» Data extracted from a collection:
□ □ □ □ □

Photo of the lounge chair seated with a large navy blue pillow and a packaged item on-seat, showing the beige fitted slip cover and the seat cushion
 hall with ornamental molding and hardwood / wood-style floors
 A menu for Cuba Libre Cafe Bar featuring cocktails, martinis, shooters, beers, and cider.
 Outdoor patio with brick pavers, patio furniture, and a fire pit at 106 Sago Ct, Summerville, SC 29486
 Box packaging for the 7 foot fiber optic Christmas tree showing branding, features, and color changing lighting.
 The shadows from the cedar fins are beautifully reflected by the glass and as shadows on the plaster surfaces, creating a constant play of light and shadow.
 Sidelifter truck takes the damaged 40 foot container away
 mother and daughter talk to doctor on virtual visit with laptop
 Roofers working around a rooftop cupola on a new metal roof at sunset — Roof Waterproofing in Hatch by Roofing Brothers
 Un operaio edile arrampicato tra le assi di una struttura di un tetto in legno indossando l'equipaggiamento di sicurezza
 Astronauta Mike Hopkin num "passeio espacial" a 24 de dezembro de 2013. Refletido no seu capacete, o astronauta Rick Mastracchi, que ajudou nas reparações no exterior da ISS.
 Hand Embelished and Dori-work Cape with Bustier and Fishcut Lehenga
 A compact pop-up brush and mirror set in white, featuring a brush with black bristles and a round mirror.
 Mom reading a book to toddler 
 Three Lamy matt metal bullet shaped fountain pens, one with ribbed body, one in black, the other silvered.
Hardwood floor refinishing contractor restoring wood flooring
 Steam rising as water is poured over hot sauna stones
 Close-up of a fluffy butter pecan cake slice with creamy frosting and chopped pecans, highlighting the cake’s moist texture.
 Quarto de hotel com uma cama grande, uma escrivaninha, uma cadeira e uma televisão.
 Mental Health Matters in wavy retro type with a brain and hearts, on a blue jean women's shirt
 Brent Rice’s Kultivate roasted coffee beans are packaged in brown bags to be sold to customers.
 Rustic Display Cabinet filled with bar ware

□ □ □ □ □

» REQUIRED WORK:
Please count how many lines in the preceding records hold the word "foot", then give only that number.

» YOUR SOLUTION:
2